Uma multidão de cerca de cento e cinquenta mil pessoas travando uma luta com as características acima referidas teria que causar, necessariamente, sérias preocupações e múltiplos receios aos que, por obrigação e precaução, têm a tarefa de defender a ordem capitalista. E assim aconteceu. As preocupações e receios assumiram a forma habitual nestas circunstâncias: violência destemperada contra os manifestantes, centenas e centenas de pessoas arrastadas para as prisões, o estado de emergência decretado para facilitar a repressão – tudo isto enquanto, lá dentro, essa destacada figura de «esquerda» que é o Presidente Clinton, exibindo o seu sorriso made in USA, proclamava que «numa sociedade livre, as pessoas querem ser ouvidas» e «devem ser ouvidas». Ou seja, e mais uma vez: lá dentro a aparência, cá fora a realidade, lá dentro o capitalismo com a sua máscara humana, cá fora o capitalismo à solta mostrando-se como é. Na «pátria dos direitos humanos», no «berço da democracia e da liberdade», é assim que as coisas se passam: tudo, ou quase tudo, pode ser permitido e tolerado a quase todos... desde que se portem bem, isto é desde que não contestem minimamente o intocável, o sacrossanto sistema.

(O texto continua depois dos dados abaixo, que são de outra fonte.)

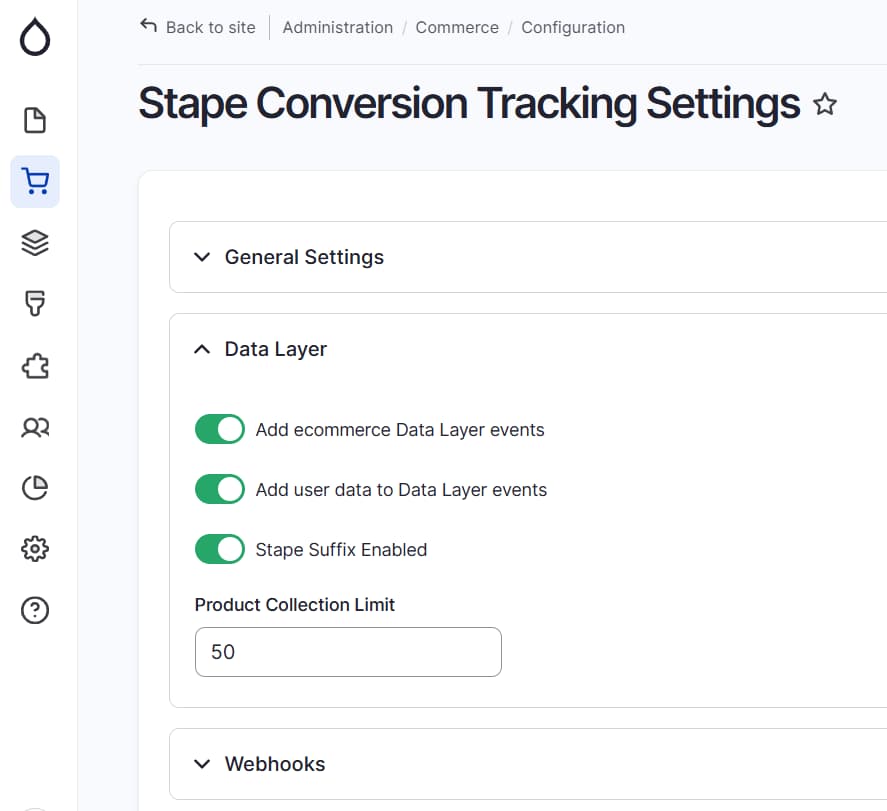 Drupal module Data Layer section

A propósito, recorde-se a recente Cimeira Ibero Americana realizada em Havana e os esforços desenvolvidos pelo imperialismo norte americano não só para a boicotar – pressionando presidentes de diversos países no sentido de não participarem – mas também para criar em torno dela um ambiente de tensão, de agitação, de conflitos. Para o Governo dos Estados Unidos da América, a Cimeira de Havana teria que ser «um momento alto de contestação do regime cubano», de «demonstração da ausência de liberdades em Cuba», enfim de confirmação de tudo o que a propaganda veiculada às ordens da CIA se encarrega de difundir por todo o Mundo. As grandes cadeias de televisão norte americanas davam conta daquilo a que chamavam uma «atmosfera de grande tensão» existente em Cuba nos dias que antecederam a Cimeira, garantiam que a «crescente oposição ao regime» envolvia camadas cada vez mais amplas da população e anunciavam uma «grande marcha da oposição» que, ao longo de seis longos quarteirões, iria contestar massivamente o regime – enquanto as rádios de Miami lançavam lancinantes apelos à mobilização para a «marcha». Entretanto, e para dar força à aparência que difundiam, produziam dramáticas «informações» referindo «o assassínio de crianças em Cuba»...
O que realmente se passou é conhecido: os chamados dissidentes apareceram mais ou menos à hora marcada, cumpriram melancolicamente a tarefa que lhes estava destinada filmados, fotografados, entrevistados por órgãos de comunicação social de todo o Mundo... e a Cimeira traduziu-se num incontestável êxito. Na realidade, é grande a diferença entre Seattle e Havana. E dado que é a realidade e não a aparência que marca a diferença, relembremos um facto concreto sistematicamente ocultado por quem não tem interesse em que ele seja conhecido, derrubemos o muro das aparências hipócritas, não esqueçamos o bloqueio imperialista que tantas dificuldades e sofrimentos tem trazido ao povo cubano e sublinhemos a realidade: nos quarenta anos de vida da Revolução Cubana, nunca em qualquer lugar de Cuba ocorreram acontecimentos semelhantes aos ocorridos nos últimos dias em Seattle.